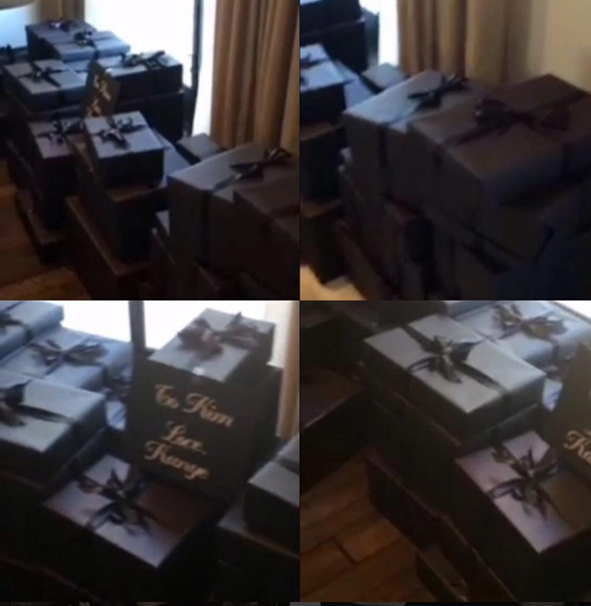 Kanye West buys wife Kim Kardashian 150 (yes, 150) Christmas presents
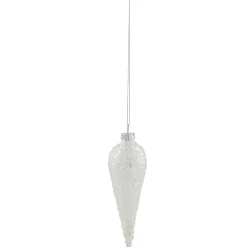 Northlight Icicles>6.25" Clear Glass Winter Icicle Ornament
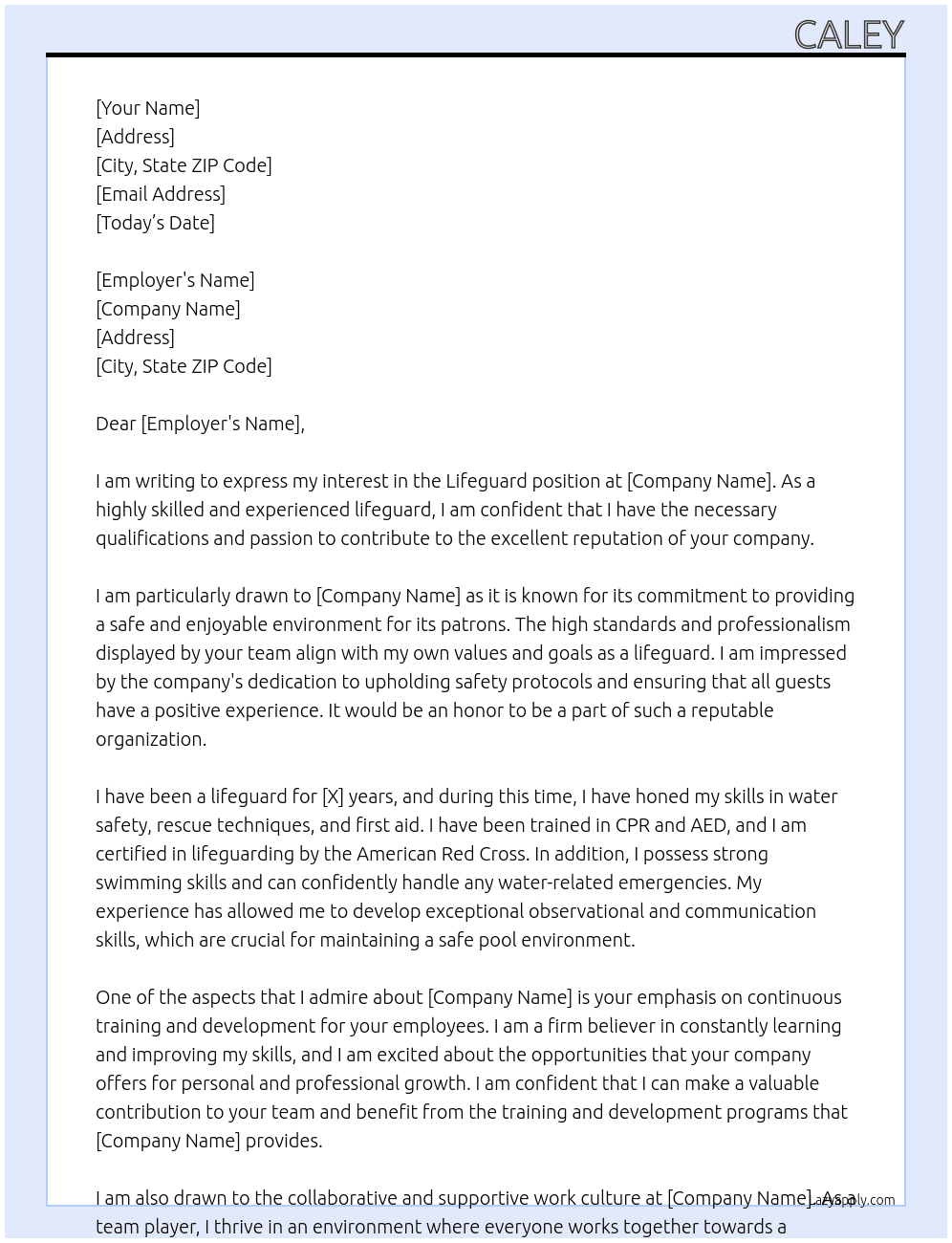 Lifeguard At Anyone Cover Letter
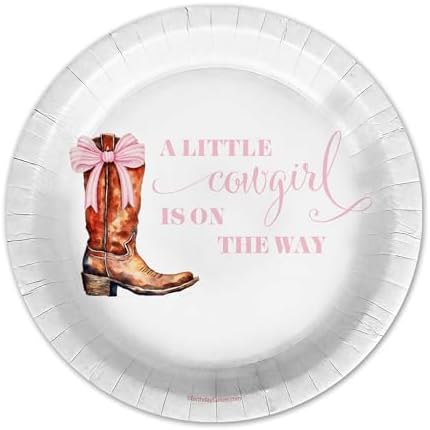 Birthday Galore Pink Bows Cowgirl on The Way Baby Shower - 32 Piece Disposable Party Supplies - Baby Shower Decorations - Round Party Plates - Large 9" Paper Plates In Bulk - Image 3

WHAT IS REQUIRED: Print the material in full and exactly, minus the pictures.

ANSWER BOX:
 Kanye West buys wife Kim Kardashian 150 (yes, 150) Christmas presents
 Northlight Icicles>6.25" Clear Glass Winter Icicle Ornament
 Lifeguard At Anyone Cover Letter
 Birthday Galore Pink Bows Cowgirl on The Way Baby Shower - 32 Piece Disposable Party Supplies - Baby Shower Decorations - Round Party Plates - Large 9" Paper Plates In Bulk - Image 3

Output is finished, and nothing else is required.